◆ **Records shown**
------------------------------------------------------------

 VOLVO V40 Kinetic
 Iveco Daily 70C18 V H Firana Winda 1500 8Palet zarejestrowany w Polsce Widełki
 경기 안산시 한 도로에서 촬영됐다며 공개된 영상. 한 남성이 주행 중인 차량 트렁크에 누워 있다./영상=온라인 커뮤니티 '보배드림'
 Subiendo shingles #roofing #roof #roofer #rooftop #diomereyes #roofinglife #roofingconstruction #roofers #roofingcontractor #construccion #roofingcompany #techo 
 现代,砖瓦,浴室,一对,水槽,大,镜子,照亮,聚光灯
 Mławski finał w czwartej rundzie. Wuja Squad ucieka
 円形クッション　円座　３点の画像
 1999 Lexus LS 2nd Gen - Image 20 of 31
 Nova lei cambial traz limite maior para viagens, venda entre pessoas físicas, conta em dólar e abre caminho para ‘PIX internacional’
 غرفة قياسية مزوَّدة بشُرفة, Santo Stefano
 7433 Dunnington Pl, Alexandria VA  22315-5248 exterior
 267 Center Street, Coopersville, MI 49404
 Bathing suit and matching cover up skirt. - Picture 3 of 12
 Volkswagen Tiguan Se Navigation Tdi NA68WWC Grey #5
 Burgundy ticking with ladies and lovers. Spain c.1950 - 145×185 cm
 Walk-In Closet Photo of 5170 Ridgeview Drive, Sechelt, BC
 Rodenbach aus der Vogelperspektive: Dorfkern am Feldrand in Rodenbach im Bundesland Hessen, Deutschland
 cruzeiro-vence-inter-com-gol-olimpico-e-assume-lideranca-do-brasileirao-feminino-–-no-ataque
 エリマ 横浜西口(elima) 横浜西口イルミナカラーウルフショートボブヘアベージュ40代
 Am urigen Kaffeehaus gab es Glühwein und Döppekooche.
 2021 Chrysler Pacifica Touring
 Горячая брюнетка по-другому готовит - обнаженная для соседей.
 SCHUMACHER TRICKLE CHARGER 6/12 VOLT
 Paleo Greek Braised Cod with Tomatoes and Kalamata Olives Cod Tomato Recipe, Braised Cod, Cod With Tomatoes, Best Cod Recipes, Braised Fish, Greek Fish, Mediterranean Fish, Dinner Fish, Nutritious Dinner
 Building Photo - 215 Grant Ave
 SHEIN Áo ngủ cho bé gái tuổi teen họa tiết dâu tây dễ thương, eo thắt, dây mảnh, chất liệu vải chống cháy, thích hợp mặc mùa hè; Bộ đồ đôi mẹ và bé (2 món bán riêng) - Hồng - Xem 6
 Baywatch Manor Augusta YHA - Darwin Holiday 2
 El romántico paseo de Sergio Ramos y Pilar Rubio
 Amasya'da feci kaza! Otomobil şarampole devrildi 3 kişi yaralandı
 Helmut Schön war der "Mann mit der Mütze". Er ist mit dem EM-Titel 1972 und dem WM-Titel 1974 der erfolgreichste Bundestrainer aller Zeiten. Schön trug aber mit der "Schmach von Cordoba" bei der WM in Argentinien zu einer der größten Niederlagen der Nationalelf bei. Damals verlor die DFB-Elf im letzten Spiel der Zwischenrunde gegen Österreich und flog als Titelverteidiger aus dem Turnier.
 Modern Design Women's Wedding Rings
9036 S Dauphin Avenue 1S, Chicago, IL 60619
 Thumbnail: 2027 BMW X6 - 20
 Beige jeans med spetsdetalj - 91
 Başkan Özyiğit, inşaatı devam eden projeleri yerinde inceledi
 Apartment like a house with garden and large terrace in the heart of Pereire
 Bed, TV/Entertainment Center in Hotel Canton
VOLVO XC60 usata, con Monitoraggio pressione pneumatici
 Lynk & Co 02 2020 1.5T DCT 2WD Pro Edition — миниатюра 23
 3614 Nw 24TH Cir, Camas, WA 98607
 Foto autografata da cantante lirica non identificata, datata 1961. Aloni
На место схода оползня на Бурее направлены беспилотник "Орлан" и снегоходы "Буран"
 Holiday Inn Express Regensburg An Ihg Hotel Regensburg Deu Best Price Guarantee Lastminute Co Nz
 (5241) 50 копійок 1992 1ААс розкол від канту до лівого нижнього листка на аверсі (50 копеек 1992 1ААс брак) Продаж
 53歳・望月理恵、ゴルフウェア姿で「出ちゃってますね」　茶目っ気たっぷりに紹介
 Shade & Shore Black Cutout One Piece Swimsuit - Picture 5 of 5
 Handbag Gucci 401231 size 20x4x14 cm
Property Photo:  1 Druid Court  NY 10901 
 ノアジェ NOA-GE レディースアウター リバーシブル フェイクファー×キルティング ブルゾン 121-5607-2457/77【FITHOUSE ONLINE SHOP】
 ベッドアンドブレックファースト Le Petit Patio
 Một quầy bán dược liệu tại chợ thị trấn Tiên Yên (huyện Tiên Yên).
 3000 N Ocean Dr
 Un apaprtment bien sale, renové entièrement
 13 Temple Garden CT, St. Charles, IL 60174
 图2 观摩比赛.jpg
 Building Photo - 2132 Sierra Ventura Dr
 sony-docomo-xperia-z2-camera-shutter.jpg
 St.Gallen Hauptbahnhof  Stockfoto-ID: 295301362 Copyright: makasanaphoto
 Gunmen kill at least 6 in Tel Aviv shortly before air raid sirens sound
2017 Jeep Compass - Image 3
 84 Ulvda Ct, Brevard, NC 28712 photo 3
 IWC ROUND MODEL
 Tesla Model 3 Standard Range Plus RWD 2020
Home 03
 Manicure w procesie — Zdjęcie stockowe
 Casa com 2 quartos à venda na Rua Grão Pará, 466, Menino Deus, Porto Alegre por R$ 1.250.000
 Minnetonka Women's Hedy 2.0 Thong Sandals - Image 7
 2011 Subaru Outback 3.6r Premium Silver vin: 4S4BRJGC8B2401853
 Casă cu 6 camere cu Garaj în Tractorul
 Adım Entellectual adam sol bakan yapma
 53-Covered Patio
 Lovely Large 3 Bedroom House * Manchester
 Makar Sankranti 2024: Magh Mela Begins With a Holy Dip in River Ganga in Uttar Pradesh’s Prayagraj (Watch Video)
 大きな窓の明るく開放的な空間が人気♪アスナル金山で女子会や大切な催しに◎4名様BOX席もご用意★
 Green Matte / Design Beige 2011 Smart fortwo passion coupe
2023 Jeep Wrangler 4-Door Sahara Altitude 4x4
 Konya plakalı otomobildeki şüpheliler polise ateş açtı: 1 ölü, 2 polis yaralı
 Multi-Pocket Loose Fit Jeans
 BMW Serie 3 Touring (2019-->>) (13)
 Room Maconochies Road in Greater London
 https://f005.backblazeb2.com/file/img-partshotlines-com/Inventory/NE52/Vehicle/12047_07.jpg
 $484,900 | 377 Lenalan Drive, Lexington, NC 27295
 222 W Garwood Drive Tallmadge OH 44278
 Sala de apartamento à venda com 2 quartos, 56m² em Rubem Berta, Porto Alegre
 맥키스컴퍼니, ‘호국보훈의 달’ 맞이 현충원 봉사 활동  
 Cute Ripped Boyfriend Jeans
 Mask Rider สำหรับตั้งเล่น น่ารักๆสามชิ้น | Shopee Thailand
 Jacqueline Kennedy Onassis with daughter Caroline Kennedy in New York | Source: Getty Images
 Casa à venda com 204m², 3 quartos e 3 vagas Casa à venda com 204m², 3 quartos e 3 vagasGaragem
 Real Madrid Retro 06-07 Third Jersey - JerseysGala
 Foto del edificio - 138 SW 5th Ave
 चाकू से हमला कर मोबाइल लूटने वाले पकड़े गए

------------------------------------------------------------

Of the lines above, retype only those from the line containing "SCHUMACHER TRICKLE CHARGER 6/12 VOLT" through the line containing "3614 Nw 24TH Cir, Camas, WA 98607", including both, exactly.

 SCHUMACHER TRICKLE CHARGER 6/12 VOLT
 Paleo Greek Braised Cod with Tomatoes and Kalamata Olives Cod Tomato Recipe, Braised Cod, Cod With Tomatoes, Best Cod Recipes, Braised Fish, Greek Fish, Mediterranean Fish, Dinner Fish, Nutritious Dinner
 Building Photo - 215 Grant Ave
 SHEIN Áo ngủ cho bé gái tuổi teen họa tiết dâu tây dễ thương, eo thắt, dây mảnh, chất liệu vải chống cháy, thích hợp mặc mùa hè; Bộ đồ đôi mẹ và bé (2 món bán riêng) - Hồng - Xem 6
 Baywatch Manor Augusta YHA - Darwin Holiday 2
 El romántico paseo de Sergio Ramos y Pilar Rubio
 Amasya'da feci kaza! Otomobil şarampole devrildi 3 kişi yaralandı
 Helmut Schön war der "Mann mit der Mütze". Er ist mit dem EM-Titel 1972 und dem WM-Titel 1974 der erfolgreichste Bundestrainer aller Zeiten. Schön trug aber mit der "Schmach von Cordoba" bei der WM in Argentinien zu einer der größten Niederlagen der Nationalelf bei. Damals verlor die DFB-Elf im letzten Spiel der Zwischenrunde gegen Österreich und flog als Titelverteidiger aus dem Turnier.
 Modern Design Women's Wedding Rings
9036 S Dauphin Avenue 1S, Chicago, IL 60619
 Thumbnail: 2027 BMW X6 - 20
 Beige jeans med spetsdetalj - 91
 Başkan Özyiğit, inşaatı devam eden projeleri yerinde inceledi
 Apartment like a house with garden and large terrace in the heart of Pereire
 Bed, TV/Entertainment Center in Hotel Canton
VOLVO XC60 usata, con Monitoraggio pressione pneumatici
 Lynk & Co 02 2020 1.5T DCT 2WD Pro Edition — миниатюра 23
 3614 Nw 24TH Cir, Camas, WA 98607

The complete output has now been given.